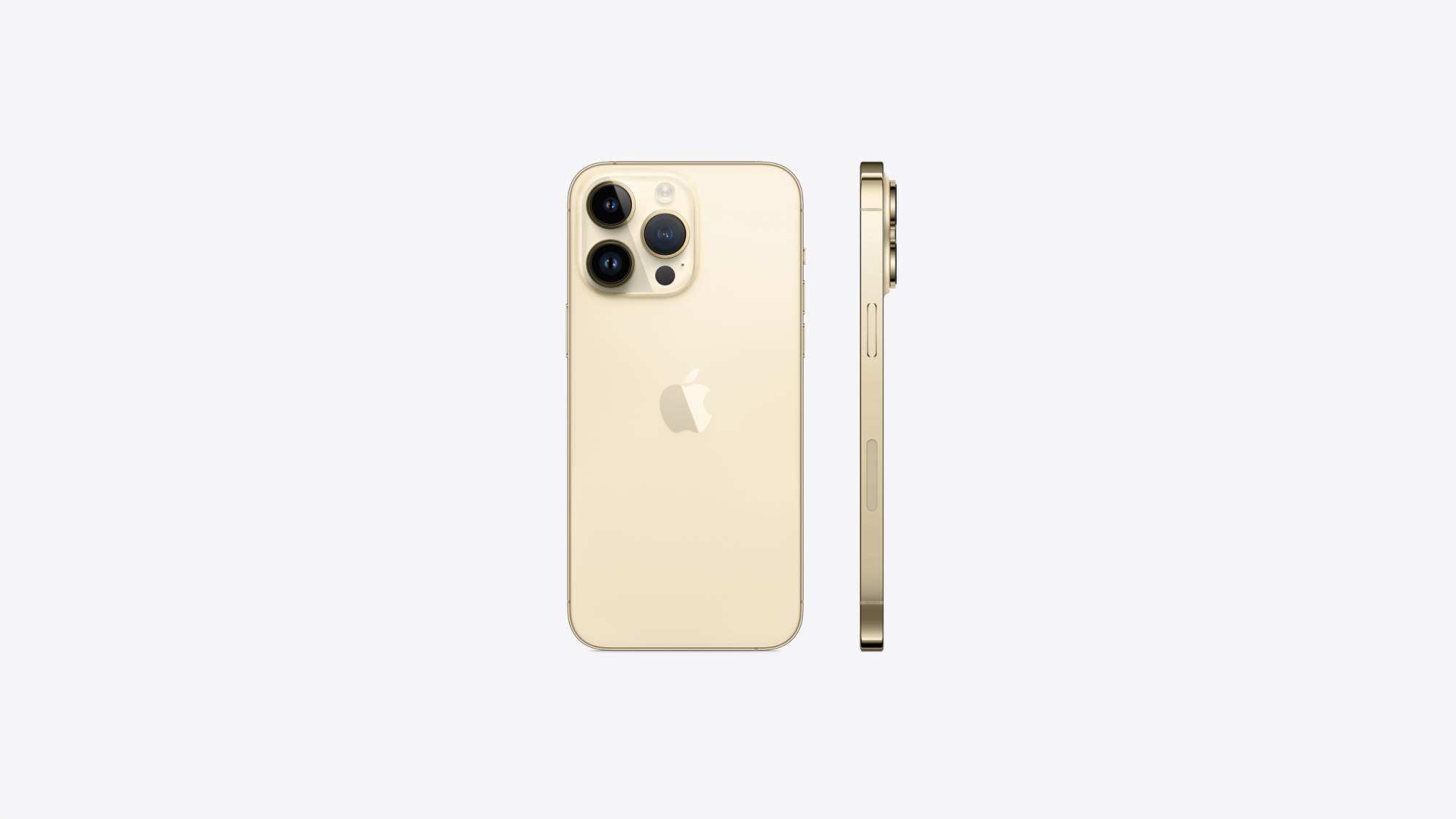 Смартфон Apple iPhone 14 Pro Max 1024Gb Gold - отзывы покупателей на  маркетплейсе Мегамаркет | Артикул: 100039500636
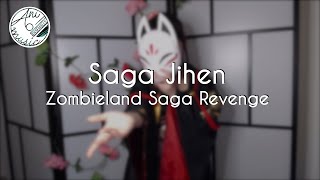 Saga Jihen - Zombieland Saga Revenge (Animusic Ensemble Cover)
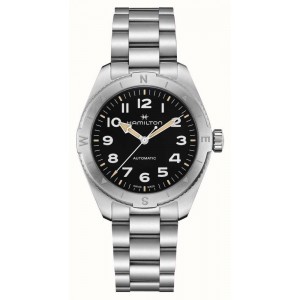 Montre Homme Hamilton Khaki Field Expedition Auto - H70225130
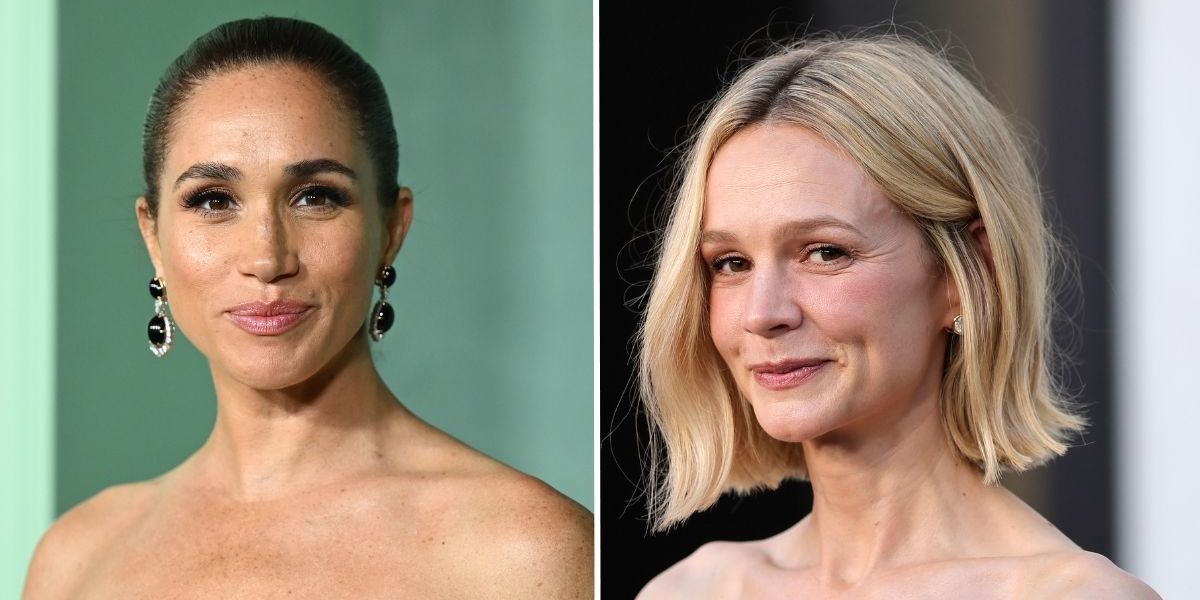 Meghan clashes with Bafta-winning actress at Montecito party just weeks after King Charles honoured her thumbnail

* [WHAT THIS TASK INVOLVES]:
Make an exact reproduction of the listing above, without any pictures.

* [ANSWER SPACE]:
 Смартфон Apple iPhone 14 Pro Max 1024Gb Gold - отзывы покупателей на  маркетплейсе Мегамаркет | Артикул: 100039500636
 Saga Jihen - Zombieland Saga Revenge (Animusic Ensemble Cover)
 Montre Homme Hamilton Khaki Field Expedition Auto - H70225130
 Meghan clashes with Bafta-winning actress at Montecito party just weeks after King Charles honoured her thumbnail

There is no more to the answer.